Sketch Recognition: February 2013

Wednesday, February 27, 2013

Protractor: A Fast and Accurate Gesture Recognizer

Published in 2010 and written by Yang Li, this paper presents a fast, flexible, and simple template-based recognizer that calculates the distance of a given gesture to the template set using an angular based metric.

Template based recognition lends itself well to situations where users create their own personalized gestures since the recognition is purely data driven and feature agnostic, making it flexible and responsive to the users provided input.
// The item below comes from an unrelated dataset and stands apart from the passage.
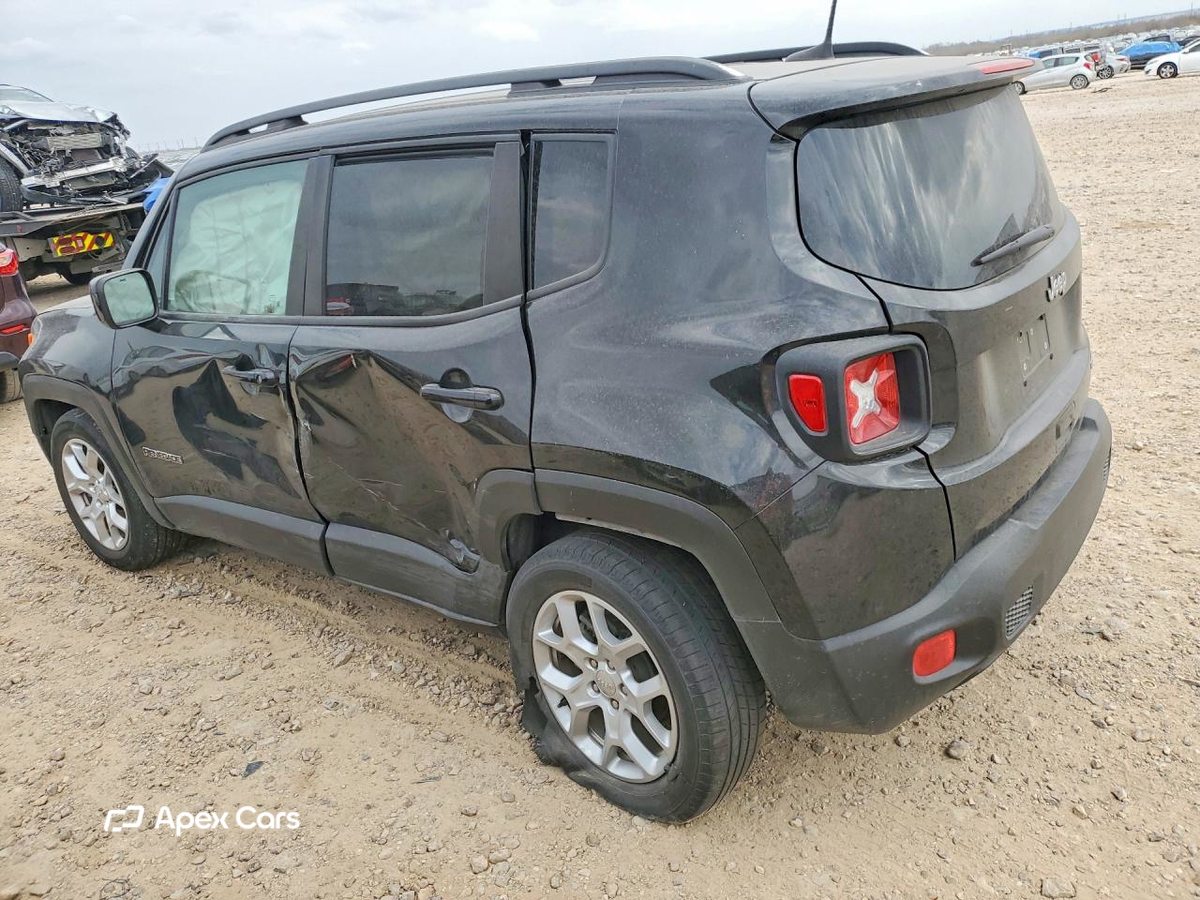 Jeep Renegade 2018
Li describes geometric and feature based recognizers as being parametric, complex, and inflexible methods that are unresponsive to input. This observation is not without merit and such recognizers do tend to inflexibility cause users to have to conform to the recognizer and existing training data that he recognizer is running off of.

Li also cites that users do not want to provide multiple instances of their gesture, hence having the flexibility to be able to accurately recognize with small amounts of input is paramount.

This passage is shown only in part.